AMD’s Secure Encrypted Virtualization (SEV) , which accompanies EPYC line of processors, is a feature that encrypts the memory of each VM in a way that only the guest himself can get to the data, shielding it from different VMs and even from an untrusted hypervisor.
Found by analysts from the Fraunhofer Institute for Applied and Integrated Security in Munich, this side channel attack, named SEVered, exploits the page-wise encryption of the principle memory, permitting a hypervisor to extract the full content of the primary memory in plaintext from encrypted VMs.

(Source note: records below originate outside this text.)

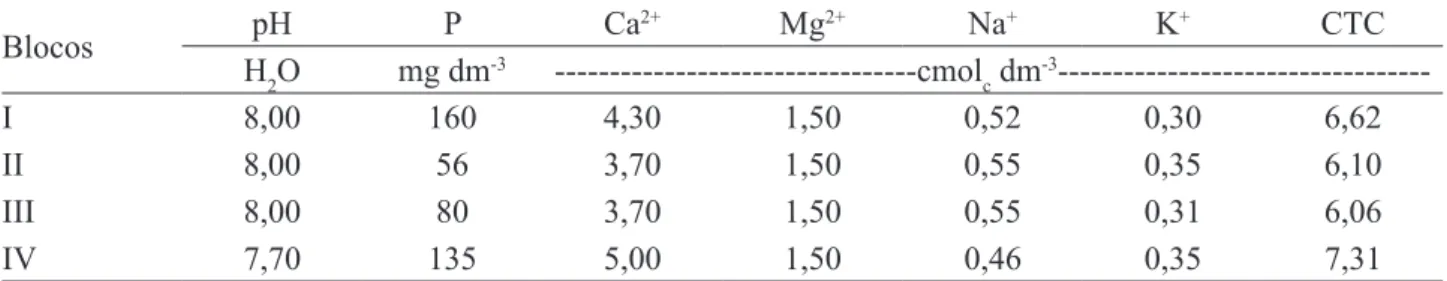 TABELA 2. Atributos químicos do solo da vazante do açude Saco.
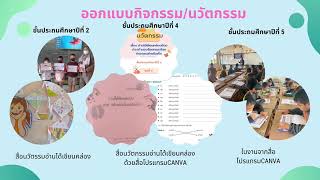 งานนำเสนอ รายงานผลการใช้นวัตกรรม 3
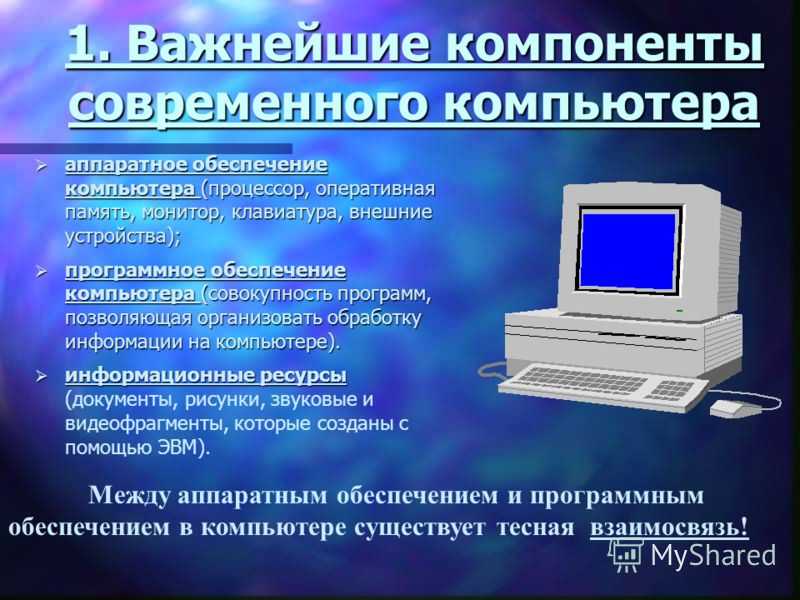 Схема состава аппаратного обеспечения компьютера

Here is the basic concept of the SEVered attack, as briefed in the paper:
“Our evaluation shows that SEVered is feasible in practice and that it can be used to extract the entire memory from an SEV-protected VM within a reasonable time,” the researchers said. “The results specifically show that critical aspects, such as noise during the identification and the resource stickiness are managed well by SEVered.”
The analysts additionally suggested a couple of steps AMD could take to detach the progress procedure between the host and Guest Physical Address (GPA) to make SEVered attack harder to execute.